As you can see, even though the keywords are missing, all the valuable traffic and engagement metrics for those sessions are still there, waiting to be analysed.
Before we dive into the specific techniques, it's helpful to have a clear overview of the tools and methods we'll be using. Each one offers a different piece of the puzzle.
Your Toolkit for Uncovering 'Not Provided' Data
| Method/Tool | Primary Purpose | Key Insight Gained |
|---|---|---|
| Google Search Console | Directly access query data Google collects for your site before it gets anonymised. | Provides the closest thing to the old keyword reports, showing what people actually searched for. |
| GA4 Landing Page Report | Analyse which pages are attracting the most organic traffic. | Helps you infer user intent based on the content of your most popular organic landing pages. |
| Third-Party SEO Tools | Use large-scale keyword databases to estimate the terms your pages rank for. | Offers a broader market view and competitive insights into the keywords driving traffic to any domain. |
| Custom Segments in GA4 | Isolate and analyse the behaviour of visitors who arrived from '(not provided)' traffic. | Reveals on-site behaviour patterns to help understand what this specific audience is looking for. |
Each of these approaches gives you a different angle, and when you combine them, you can build a surprisingly clear picture of what's driving your organic traffic.
Shifting from Keywords to Intent
The heart of modern SEO is moving away from a simple keyword-matching game.

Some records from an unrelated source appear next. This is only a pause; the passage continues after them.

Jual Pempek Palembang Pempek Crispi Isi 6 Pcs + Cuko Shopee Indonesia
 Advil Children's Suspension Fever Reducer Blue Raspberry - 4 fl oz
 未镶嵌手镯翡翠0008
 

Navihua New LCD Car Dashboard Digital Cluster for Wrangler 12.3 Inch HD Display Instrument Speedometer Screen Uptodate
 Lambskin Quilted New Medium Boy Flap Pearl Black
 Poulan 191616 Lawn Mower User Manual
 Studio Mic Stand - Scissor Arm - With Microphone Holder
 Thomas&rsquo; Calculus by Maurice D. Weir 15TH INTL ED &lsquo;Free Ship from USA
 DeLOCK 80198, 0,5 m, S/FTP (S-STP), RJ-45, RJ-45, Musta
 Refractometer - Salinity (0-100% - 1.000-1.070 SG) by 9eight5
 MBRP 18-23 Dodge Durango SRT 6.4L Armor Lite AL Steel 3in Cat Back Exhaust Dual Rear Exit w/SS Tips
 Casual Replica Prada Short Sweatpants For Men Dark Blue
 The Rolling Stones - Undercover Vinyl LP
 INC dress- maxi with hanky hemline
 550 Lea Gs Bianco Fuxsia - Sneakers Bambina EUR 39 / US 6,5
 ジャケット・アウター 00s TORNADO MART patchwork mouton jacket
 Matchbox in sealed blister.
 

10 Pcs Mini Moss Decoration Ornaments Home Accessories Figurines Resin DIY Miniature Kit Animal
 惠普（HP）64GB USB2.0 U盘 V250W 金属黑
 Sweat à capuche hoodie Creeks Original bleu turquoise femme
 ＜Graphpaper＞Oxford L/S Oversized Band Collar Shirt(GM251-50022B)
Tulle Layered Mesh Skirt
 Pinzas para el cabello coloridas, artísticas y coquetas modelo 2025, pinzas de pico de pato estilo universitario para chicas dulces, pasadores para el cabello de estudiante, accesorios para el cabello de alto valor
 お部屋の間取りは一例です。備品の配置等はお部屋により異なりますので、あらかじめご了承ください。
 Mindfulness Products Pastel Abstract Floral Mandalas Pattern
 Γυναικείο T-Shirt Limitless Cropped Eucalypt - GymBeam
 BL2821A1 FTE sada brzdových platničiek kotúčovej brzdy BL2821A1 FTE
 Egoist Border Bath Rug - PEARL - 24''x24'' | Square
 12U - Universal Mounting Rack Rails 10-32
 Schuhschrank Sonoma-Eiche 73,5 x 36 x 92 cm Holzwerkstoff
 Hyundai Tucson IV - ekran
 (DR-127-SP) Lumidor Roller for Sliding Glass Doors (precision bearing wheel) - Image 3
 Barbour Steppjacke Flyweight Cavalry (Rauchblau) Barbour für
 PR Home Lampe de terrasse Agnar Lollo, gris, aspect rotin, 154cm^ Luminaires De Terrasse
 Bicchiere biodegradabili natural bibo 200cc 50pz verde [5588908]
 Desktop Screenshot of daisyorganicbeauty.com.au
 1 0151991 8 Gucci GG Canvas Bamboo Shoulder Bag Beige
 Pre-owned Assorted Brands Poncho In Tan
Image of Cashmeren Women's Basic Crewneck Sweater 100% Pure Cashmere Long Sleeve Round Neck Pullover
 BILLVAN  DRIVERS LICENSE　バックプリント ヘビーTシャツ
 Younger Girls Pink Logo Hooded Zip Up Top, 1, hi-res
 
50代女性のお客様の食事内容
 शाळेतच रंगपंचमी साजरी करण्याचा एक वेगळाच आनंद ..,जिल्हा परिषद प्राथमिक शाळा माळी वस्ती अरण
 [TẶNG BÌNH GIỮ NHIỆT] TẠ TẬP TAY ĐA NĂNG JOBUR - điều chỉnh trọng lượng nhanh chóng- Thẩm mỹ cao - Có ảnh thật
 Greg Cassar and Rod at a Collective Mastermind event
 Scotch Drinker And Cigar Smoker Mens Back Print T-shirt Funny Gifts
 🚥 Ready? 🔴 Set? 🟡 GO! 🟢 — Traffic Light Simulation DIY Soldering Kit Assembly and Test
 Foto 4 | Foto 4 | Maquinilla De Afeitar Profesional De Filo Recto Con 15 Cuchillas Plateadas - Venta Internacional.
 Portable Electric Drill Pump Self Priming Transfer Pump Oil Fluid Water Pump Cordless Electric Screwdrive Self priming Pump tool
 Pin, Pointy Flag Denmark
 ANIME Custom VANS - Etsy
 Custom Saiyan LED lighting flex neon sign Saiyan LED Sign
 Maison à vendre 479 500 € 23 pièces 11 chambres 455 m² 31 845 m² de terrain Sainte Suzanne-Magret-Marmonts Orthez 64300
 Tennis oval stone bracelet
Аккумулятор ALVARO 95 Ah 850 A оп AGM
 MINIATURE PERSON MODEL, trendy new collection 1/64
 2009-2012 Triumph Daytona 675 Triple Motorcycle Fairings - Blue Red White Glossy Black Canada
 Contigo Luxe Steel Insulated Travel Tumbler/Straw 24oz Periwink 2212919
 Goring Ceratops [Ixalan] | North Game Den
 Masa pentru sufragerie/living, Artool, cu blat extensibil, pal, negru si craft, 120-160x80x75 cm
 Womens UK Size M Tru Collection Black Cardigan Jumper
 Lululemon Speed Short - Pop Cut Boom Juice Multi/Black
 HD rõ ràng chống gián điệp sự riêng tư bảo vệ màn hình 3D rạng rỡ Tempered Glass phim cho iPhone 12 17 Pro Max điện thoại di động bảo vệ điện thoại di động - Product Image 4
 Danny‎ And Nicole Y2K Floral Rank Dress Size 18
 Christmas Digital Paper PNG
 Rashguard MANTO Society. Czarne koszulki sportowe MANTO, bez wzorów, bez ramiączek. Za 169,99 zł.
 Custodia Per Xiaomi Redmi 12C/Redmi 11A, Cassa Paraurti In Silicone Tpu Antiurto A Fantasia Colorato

We have to think more about the intent that drives a search. What problem was the user trying to solve? What question were they hoping to answer?
Think of it this way: The disappearance of keywords forces us to become better marketers. We have to focus less on specific phrases and more on creating valuable content that directly addresses the needs of our target audience.
This guide is here to give you the practical, hands-on methods to do exactly that. We'll walk through how to use Google Search Console, analyse landing page reports in GA4, and pull in other data sources to finally solve the puzzle of keywords not provided in Google Analytics.
Getting to Grips with Your Keyword Data in Google Search Console
While Google Analytics draws a blank on specific search terms, Google Search Console (GSC) is where Google hands that precious data back. It's your direct line to understanding exactly how real people find your website through search, and honestly, it’s an absolutely essential tool for anyone serious about SEO.
The whole 'not provided' issue stems from Google anonymising user data for privacy reasons before it ever hits your analytics reports.

This simple flow chart really highlights why GSC is so indispensable—it catches the query data right at the source. This gives you insights that are simply impossible to get from Analytics alone and is your best bet for solving the keywords not provided in Google Analytics puzzle.
Making Sense of the Performance Report
The Performance report is your command centre inside GSC. Straight away, you’ll see the big-picture metrics: total clicks, impressions, average click-through rate (CTR), and average position. This high-level view is a great starting point, but the real magic happens when you start filtering and digging deeper.
It's from this main dashboard that you can dive into the granular details that turn raw data into a solid SEO to-do list.
Instead of just glancing at your site's overall performance, you can get specific by applying filters for individual pages, countries, or devices. This is where you really start to connect the dots between what people search for and the content they land on.
Pinpointing Keywords for a Specific Page
Let's say you've got a blog post on "choosing the right marketing software" that’s doing well. You can see in GA4 that it pulls in a lot of organic traffic, but you’re in the dark about the exact search terms people are using to find it.
Here’s how to uncover them:
- In the Performance report, click the + NEW button next to the date filter.
- Choose Page.
- Pop in the URL of your blog post and hit Apply.
Just like that, the 'Queries' table below the graph will refresh, showing you only the search terms that led users to that specific article. You might find people are searching for "best marketing software for small business UK" or "ActiveCampaign vs AWeber"—gold dust for figuring out new headings or sections to add to your content.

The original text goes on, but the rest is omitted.